Deutschland will E-Mobilität EU-weit fördern

Deutschland will offenbar seine  EU-Ratspräsidentschaft dazu nutzen, die E-Mobilität voranzubringen. Dabei sollen neben dem verpflichtenden Aufbau von Wasserstoff-Tankstellen auch Schnellladesäulen und vor allem ein einheitliches Bezahlsystem gefördert werden.

Am 1. Juli hat Deutschland für sechs Monate die Präsidentschaft im Rat der EU übernommen. In dieser Position will die Bundesregierung einige Mobilitätsprojekte anstoßen, vor allem sollen die Marktbedingungen für Batterie-elektrische Autos und Brennstoffzellenfahrzeuge verbessert werden.

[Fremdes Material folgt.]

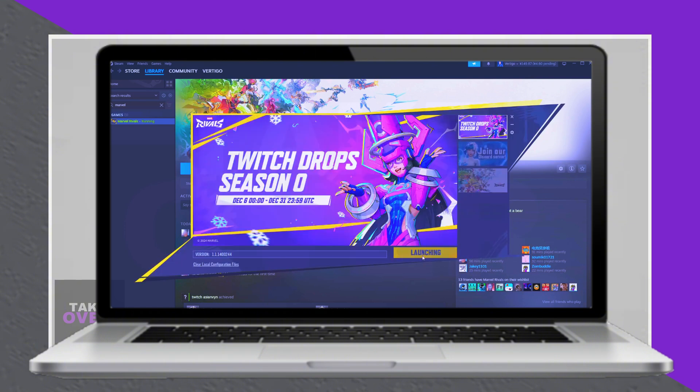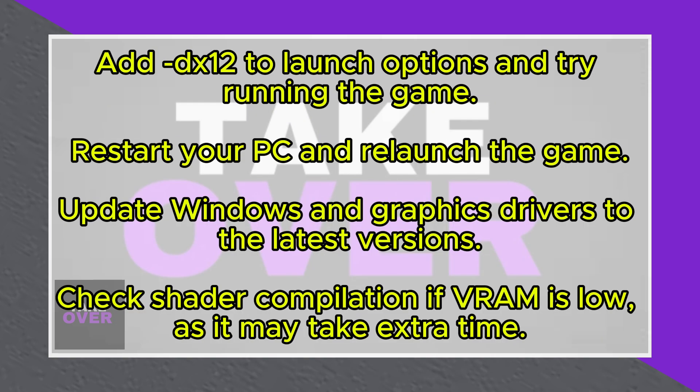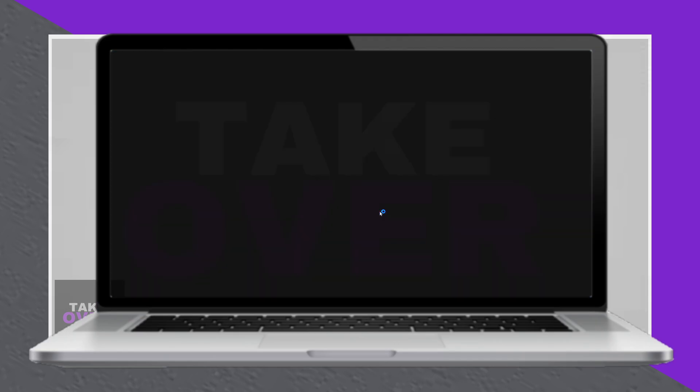If the game still doesn't work, restart your PC, as this can sometimes resolve launch issues. Check if your system has low VRAM, as it may lead to extended shader compilation times. This is normal, but can delay gameplay.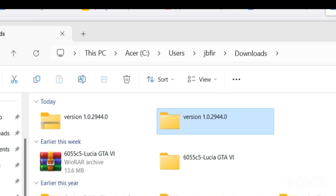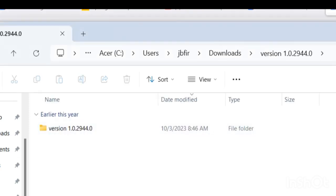First you want to click the link in the description. It's going to lead you to this version of GTA 5 right here. Just go ahead and open up this folder, go ahead and open up the next folder.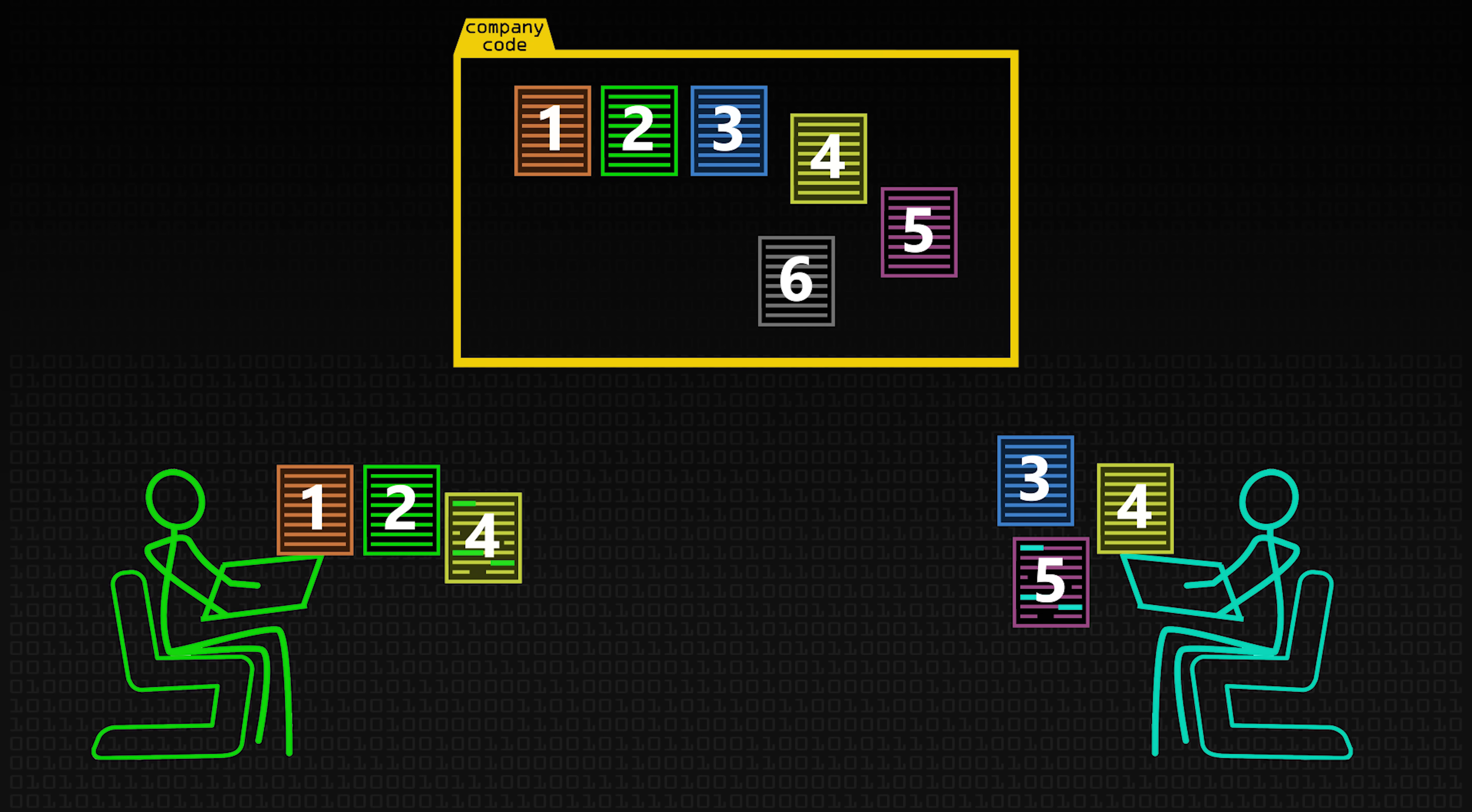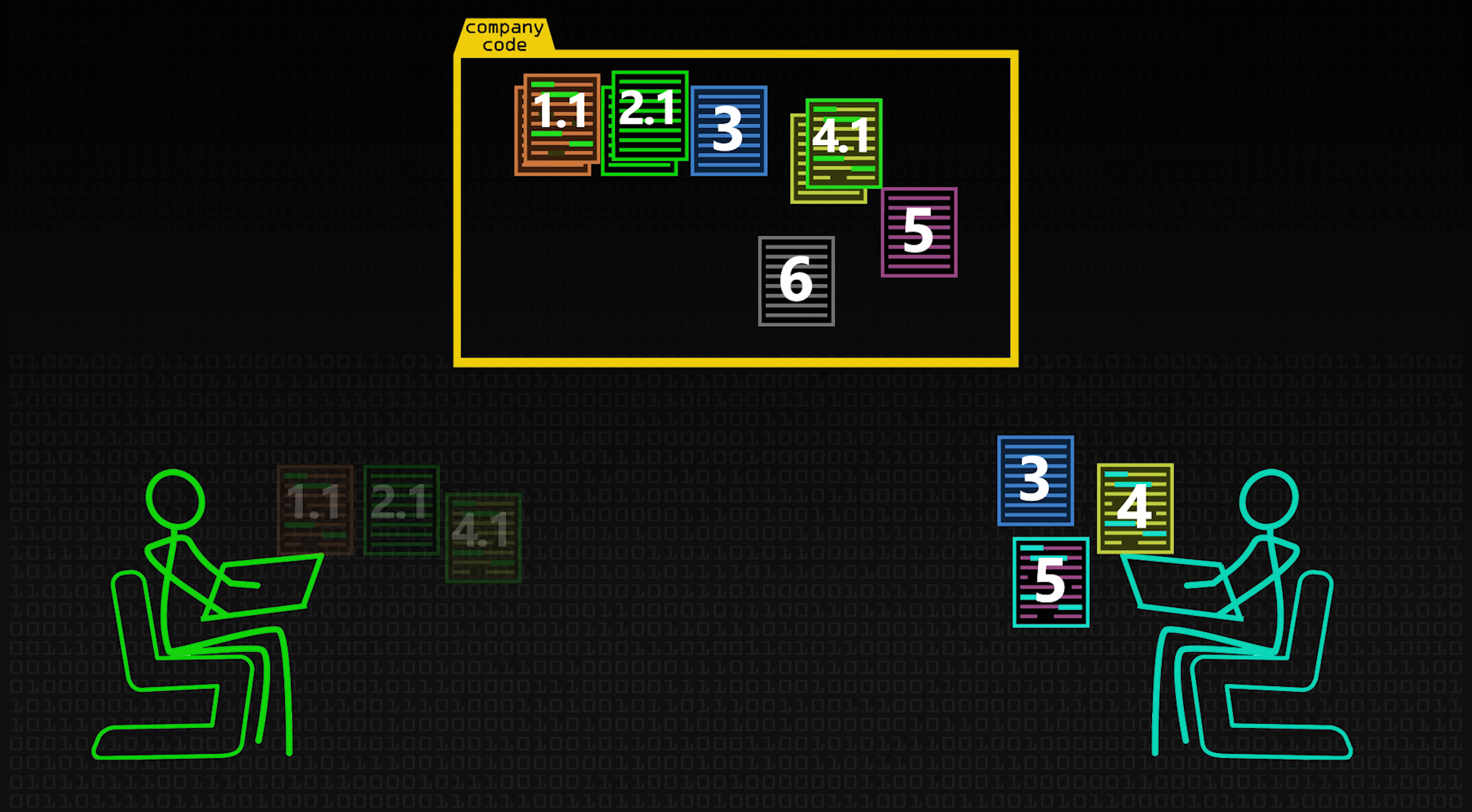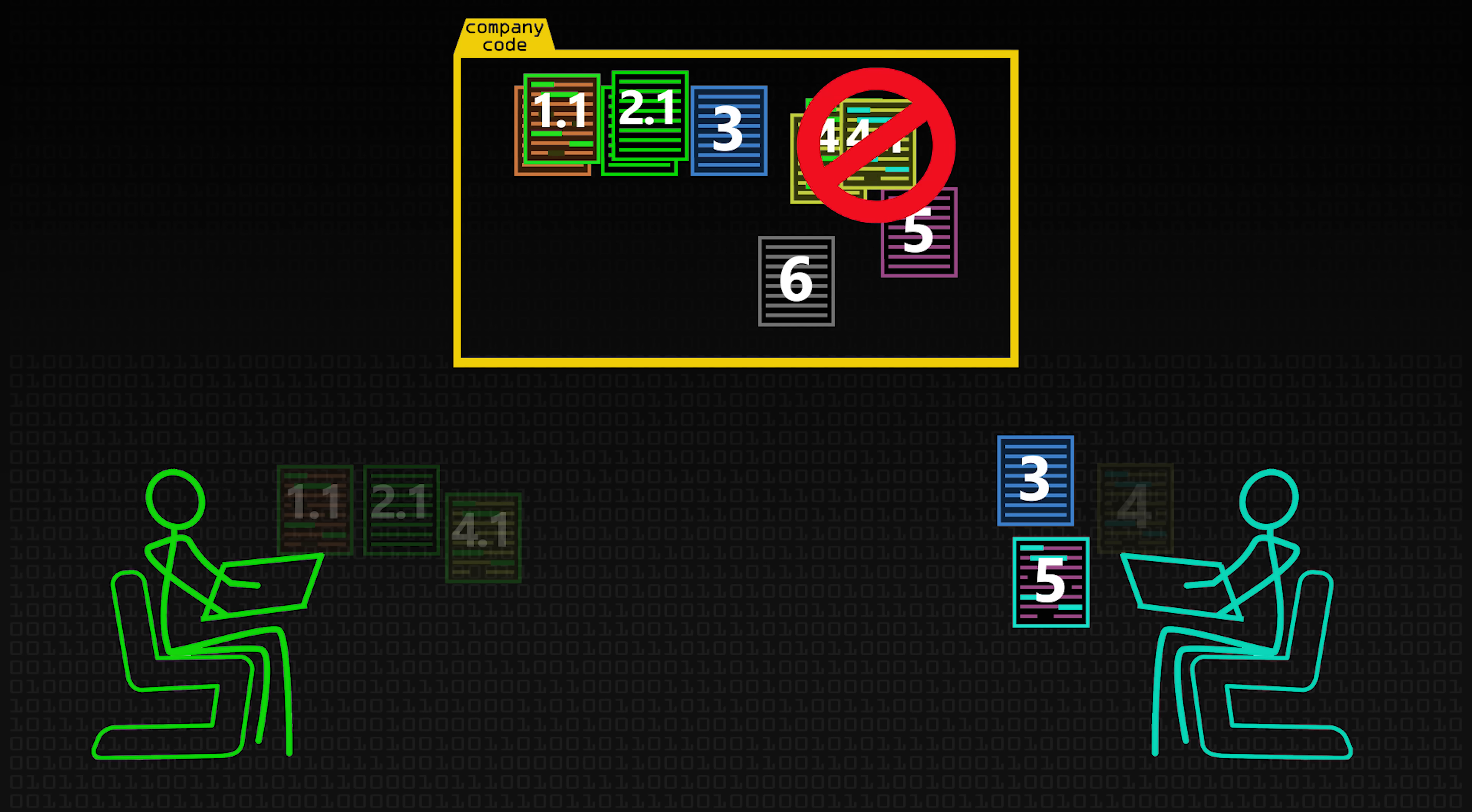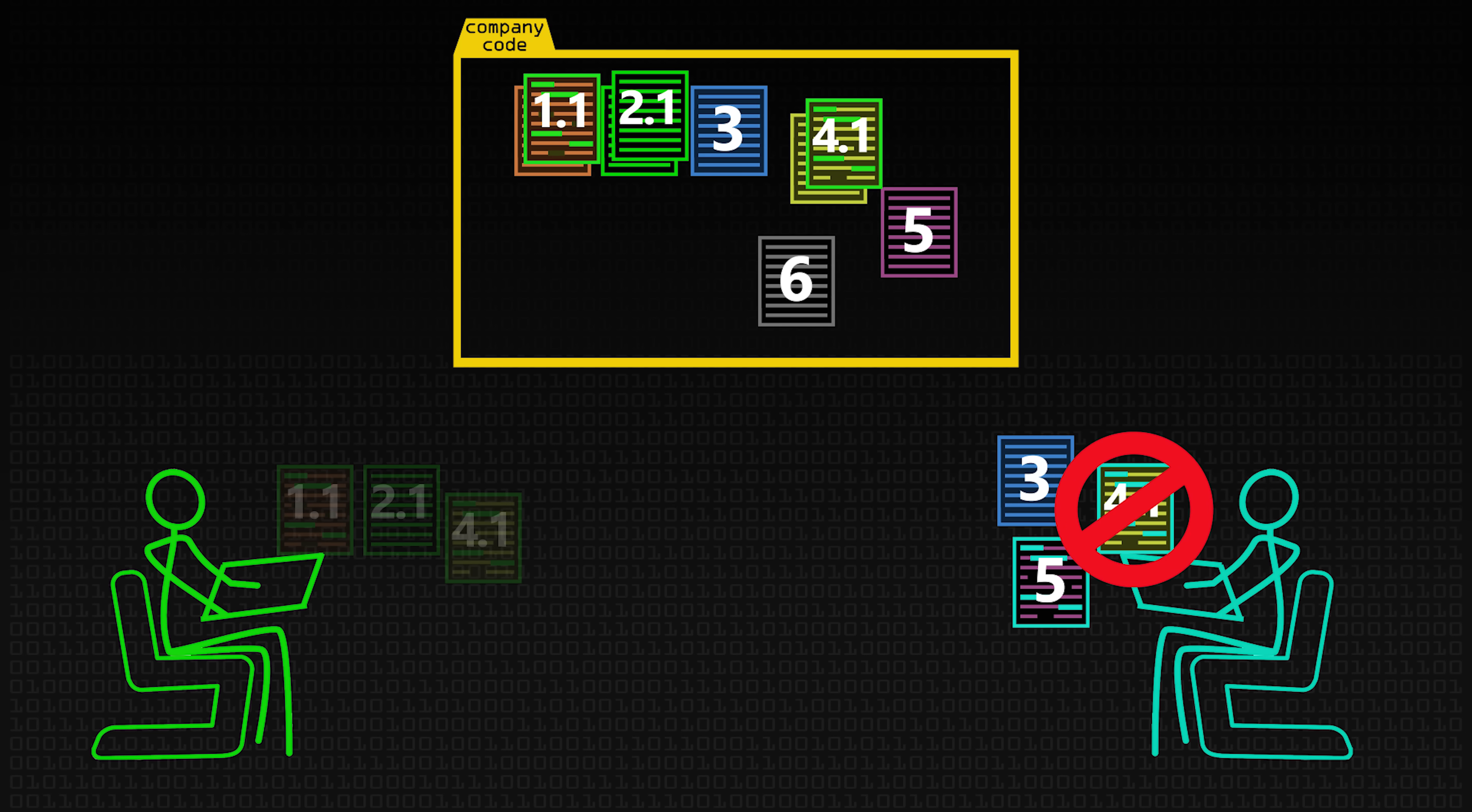So if person one edits those three files, including file four, creates a Git commit, and pushes them to the server, that's fine. The server will accept it because there hasn't been any updates from anybody else. The second person will create their Git commit, and then type in Git push, and then the server will say, no, you can't do that because from the last time you downloaded the latest version, someone else has added more content. So your version is out of date, basically, and it will force you to get yours up to date before it will let you push.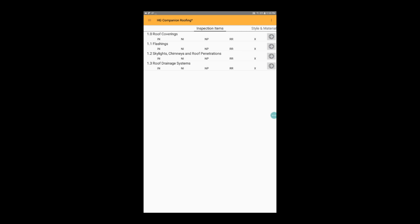For this demonstration, we're going to assume that we've found a problem in the roof coverings. We'll mark it repair or replace, and then tap the arrow on the right hand side of the screen to add a photo and a comment.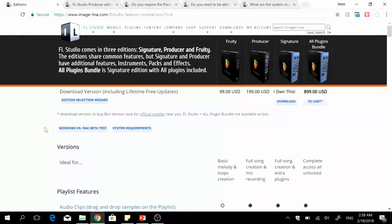For box users, I also have a video on my channel showing you how to register your serial codes online.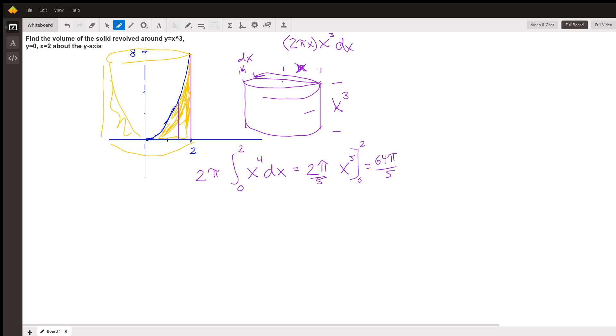So this is the answer: 64 pi over five. If you have a question or comment for me, or you think I've made a mistake, let me know here and I'll check my work or get back to you. Thanks a lot.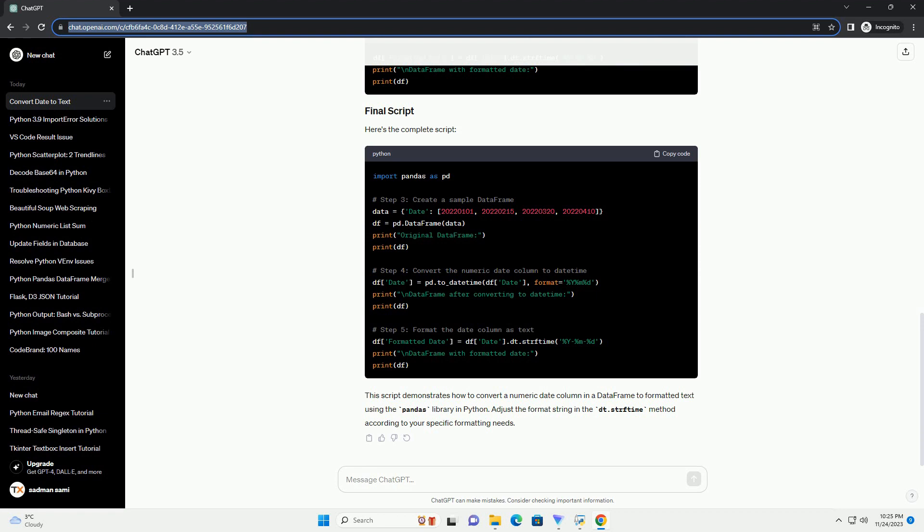Now that the date column is in datetime format, you can use the dt.strftime method to format it as text according to your desired format. For example, if you want the date in the YYYY-MM-DD format.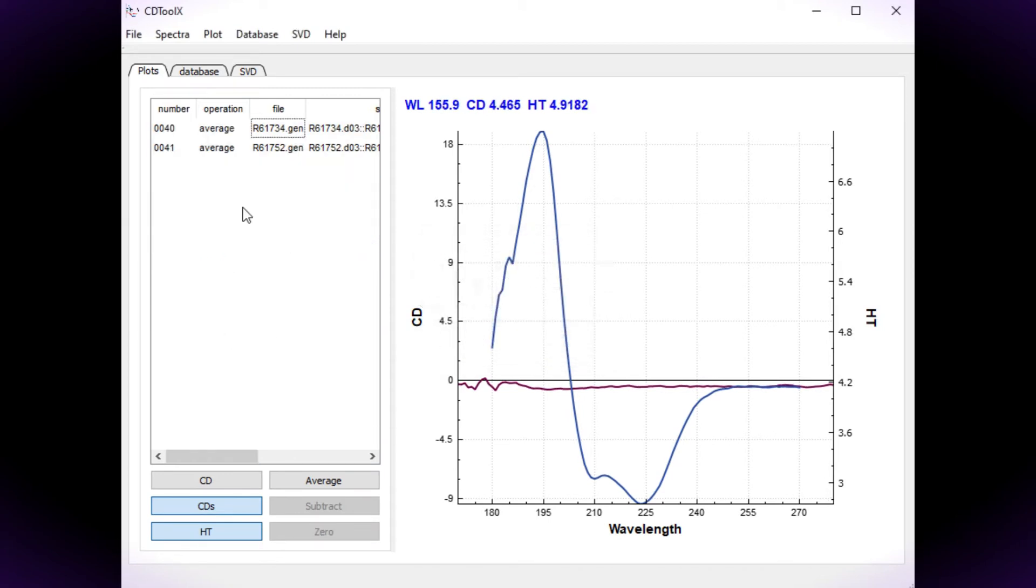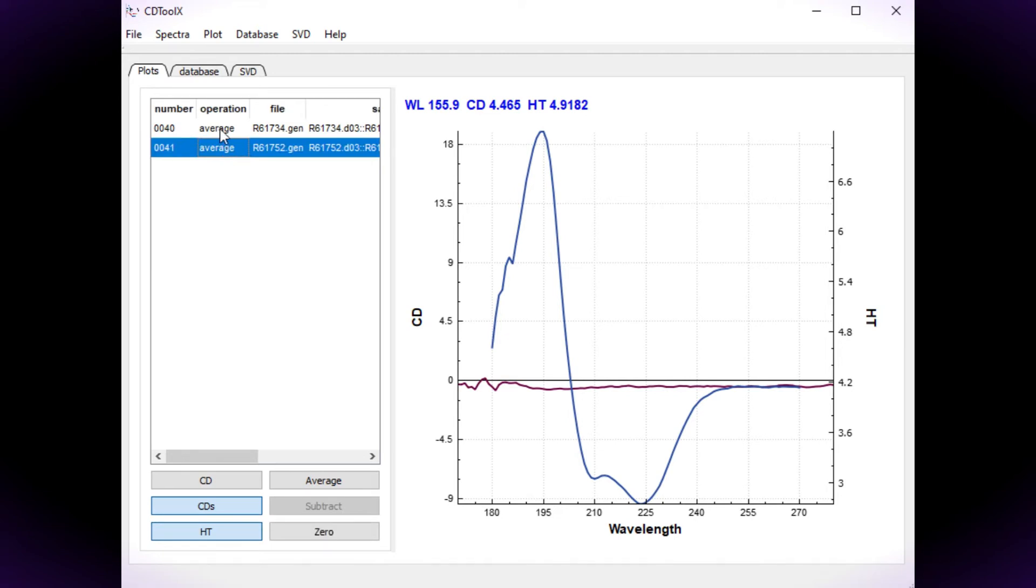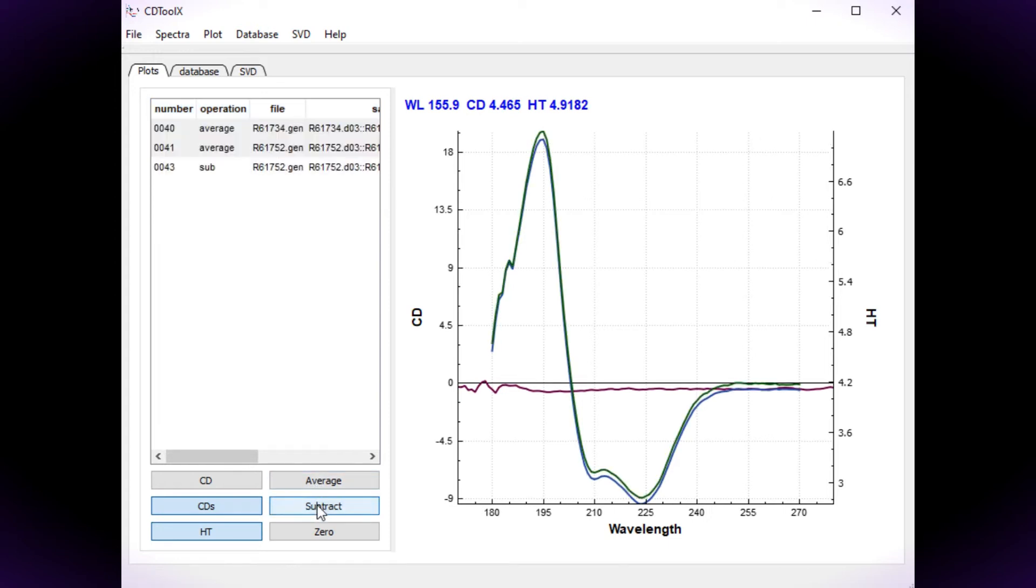Now subtract the baseline spectrum from the sample spectrum. Select the sample spectrum, then select the baseline and click subtract.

Ein wichtiger Hebel soll hierbei offenbar die anstehende Revision der EU-Richtlinie über den Aufbau der Infrastruktur für alternative Kraftstoffe (AFID) bilden, wie „Tagesspiegel Background“ berichtet. Unter Berufung auf Klaus Bonhoff, den Leiter der Grundsatzabteilung im Bundesverkehrsministerium, heißt es, dass diese Revision für das erste Quartal 2021 geplant sei. Jetzt werden aber die Inhalte verhandelt.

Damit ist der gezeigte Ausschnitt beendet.